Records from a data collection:
*****

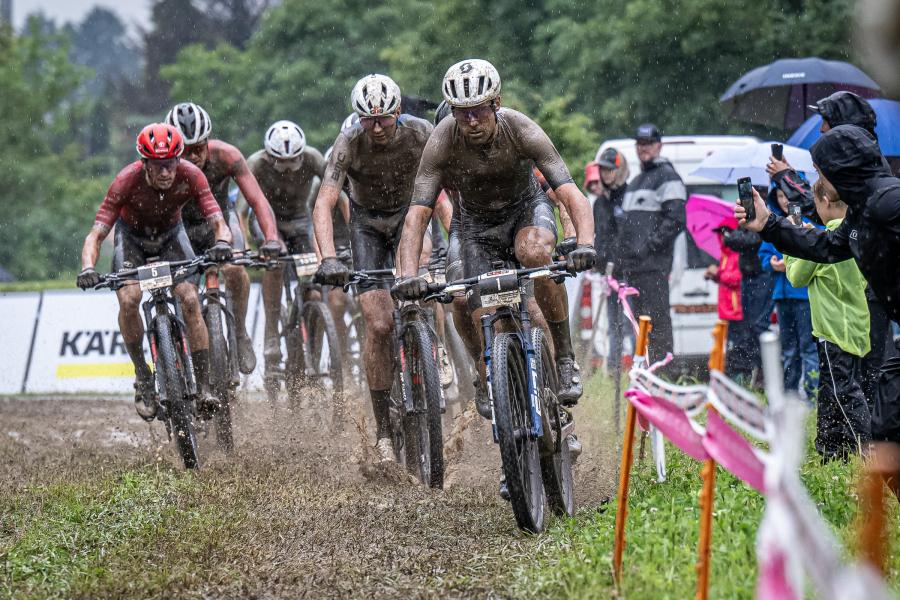 4º posto CIC Swiss Bike Cup XCC - Echallens (Svizzera) - foto by @Armin M. Küstenbrück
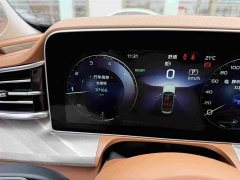 FAW Red Flag H9 2.0T Smart Connected Flagship Comfort Edition - ფოტო 10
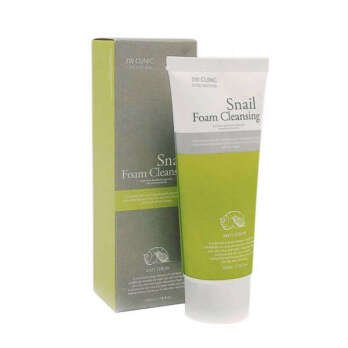 3W CLINIC Snail Foam Cleansing - 100ml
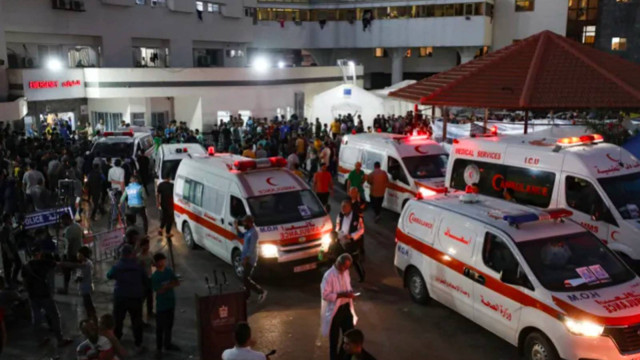 İsrail saldırıları 'artırma' sözü verdi! Gazze'ye kara operasyonu başlattı! Gazze'de esirleri arayacaklarmış - Resim: 1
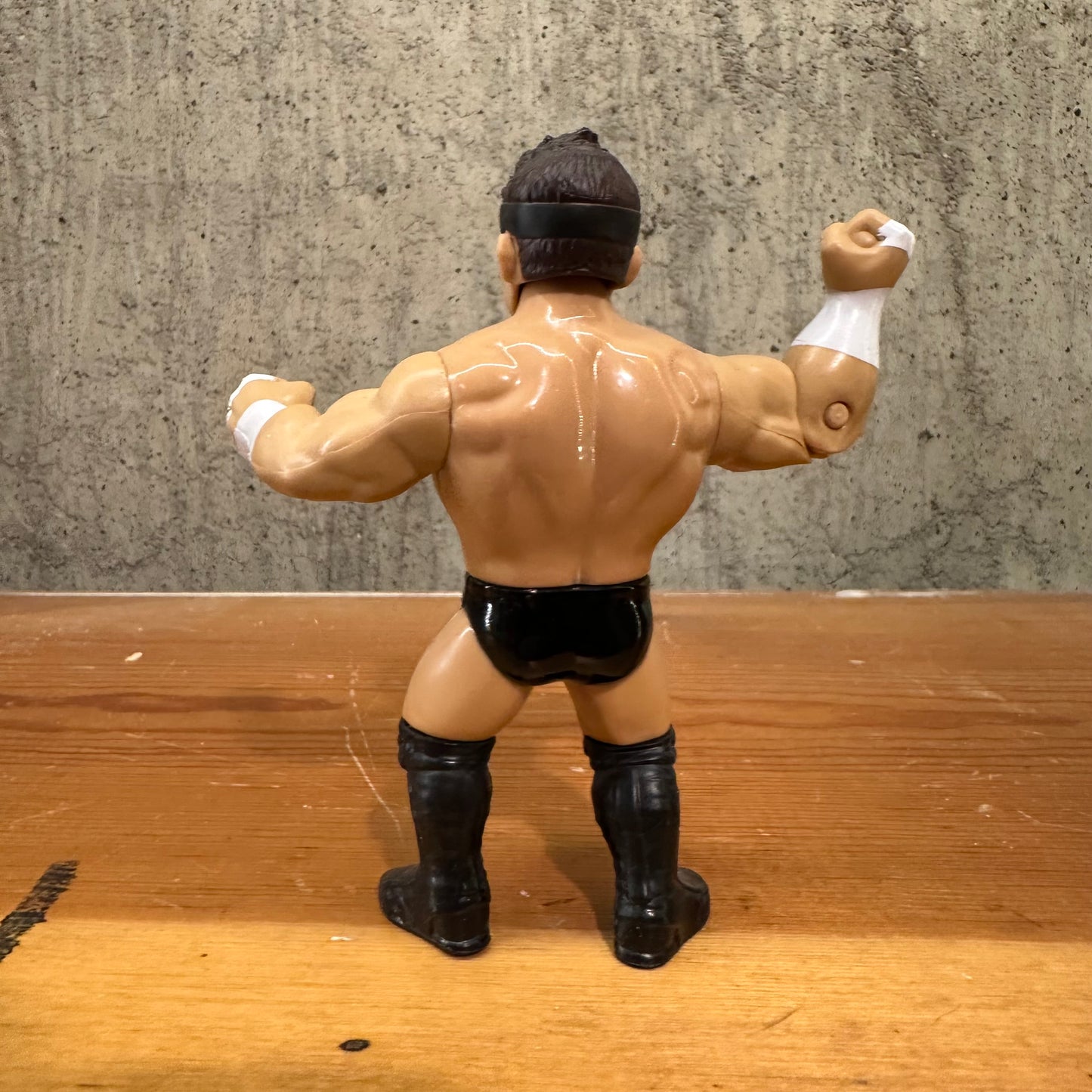 Zack Ryder WWE Retro Wrestling Action Figure Toy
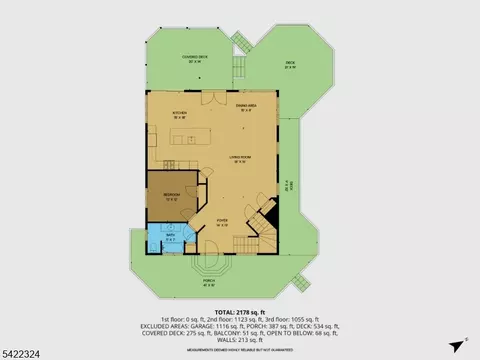 Floorplan - 9 Riveredge Ln, Phillipsburg, NJ 08865 photo 2 of 3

*****

- **ASSIGNED TASK**:
An exact copy is required of the lines from the one holding "Zack Ryder WWE" to the end of the entries above, both included; no pictures belong in it.

- **SOLUTION TO THIS PROBLEM**:
 Zack Ryder WWE Retro Wrestling Action Figure Toy
 Floorplan - 9 Riveredge Ln, Phillipsburg, NJ 08865 photo 2 of 3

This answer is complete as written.